Whether destined for university, vocational course or apprenticeship, Sussex Downs College offers a vast array of options.
Strong links with business community have allowed courses to be developed to meet the needs of local employers, and ensure students have the best skills for today’s challenging jobs market.
Large campuses in Eastbourne and Lewes provide a dizzying number of A levels, Access to Higher Education courses, Foundation Degrees and professional qualifications to 6,525 students aged 19 and under, and 11,031 adult learners. Everything from bricklaying, engineering and fine art to economics and politics can be found, housed in a series of distinctive blocks reflecting the character of the courses. Workshops and classrooms are interspersed with relaxing areas to chill out and socialise. Learning resource areas are packed with students busily working away.
Principal and chief executive Melanie Hunt said: “We’re working with 800 employers across the area and we support them training their own staff, with apprentices who come to college one day a week and we also offer training in the workplace.”
“We’re not about doing qualifications for the sake of it. All our qualifications are a stepping stone to further education or to employment.”
She said Sussex Downs offers a wide range of pathways for students, whatever their ability or level of entry. “We will have something suitable for you,” she said. “We’re not about doing qualifications for the sake of it. All our qualifications are a stepping stone to further education or to employment.”

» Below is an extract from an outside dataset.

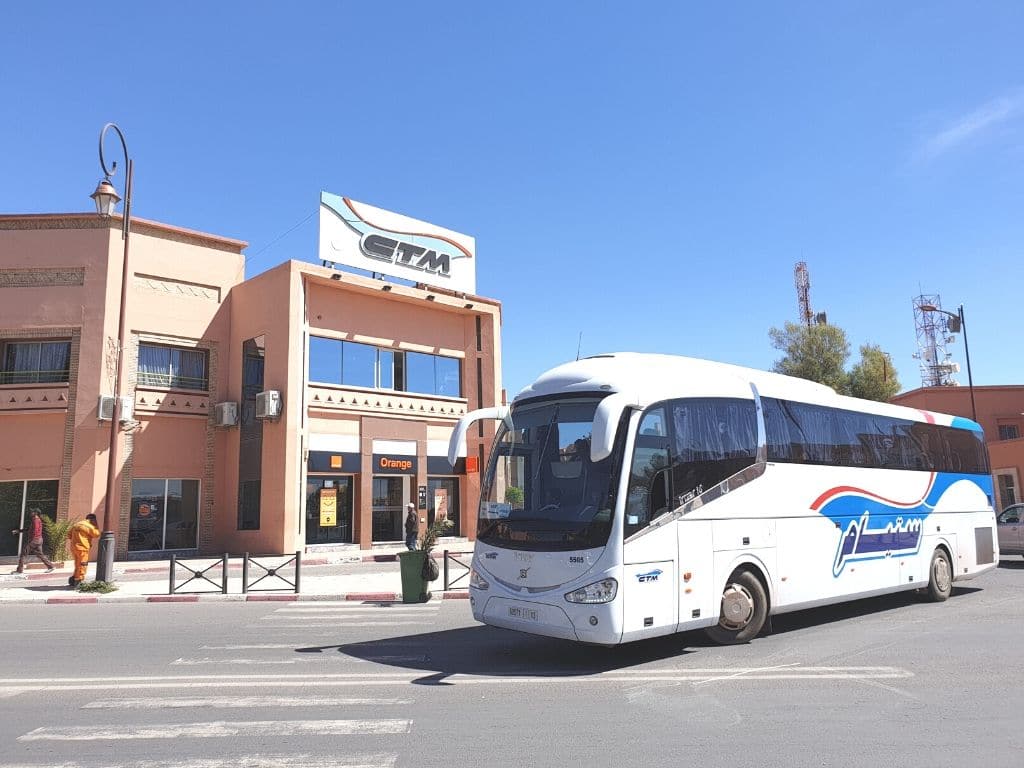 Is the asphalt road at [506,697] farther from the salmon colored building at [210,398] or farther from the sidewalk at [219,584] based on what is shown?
the salmon colored building at [210,398]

Range, relevance and rigour
Melanie said the college focuses on the ‘Three Rs’ – range, relevance and rigour. The rigour aspect comes from the constant testing done by outside award bodies, who benchmark all courses to ensure everything is done to the highest standard. “The most important thing about the college is our relevance – our job is to support the community and help it to grow and thrive. It’s about offering educational opportunities, and how that makes a difference to people’s lives.”
College has seen increased demand for mixed courses – made up of two A levels and a vocational qualification. This type of training can be more practical than purely academic courses and can leave more options open at the end. Apprenticeships that go all the way up to degree level also proving popular, and can provide an affordable alternative to a university course further from home.

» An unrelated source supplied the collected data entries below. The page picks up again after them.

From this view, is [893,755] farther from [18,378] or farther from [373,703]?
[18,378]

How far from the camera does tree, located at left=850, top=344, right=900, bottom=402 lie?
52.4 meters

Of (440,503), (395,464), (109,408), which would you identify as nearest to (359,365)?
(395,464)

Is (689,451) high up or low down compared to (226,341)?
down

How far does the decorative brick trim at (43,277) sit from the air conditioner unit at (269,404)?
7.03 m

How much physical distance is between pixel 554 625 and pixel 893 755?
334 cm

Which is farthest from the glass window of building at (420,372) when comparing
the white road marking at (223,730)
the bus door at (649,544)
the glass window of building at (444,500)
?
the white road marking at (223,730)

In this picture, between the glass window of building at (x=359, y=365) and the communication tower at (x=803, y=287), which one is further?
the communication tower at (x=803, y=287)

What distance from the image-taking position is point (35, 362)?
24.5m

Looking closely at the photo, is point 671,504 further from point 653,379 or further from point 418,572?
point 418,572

Melanie said: “University is a hugely enriching academic experience, but a very expensive decision these days. Young people are realising they have to be really sure the degree they are choosing will help them get a job in the future, and isn’t just something that’s interesting to do.”
Catering and Hospitality students at Sussex Downs have the opportunity to work with local restaurants, and worked with local Indian restaurant to cook for the Lashings 11 cricket team. On-site restaurant and bistro King’s is open to the public and also used for charity dinners organised, catered and hosted by students. This taste of real work environment with practical experience and a chance to meet industry professionals maximises students’ chance of moving into work at the end of study.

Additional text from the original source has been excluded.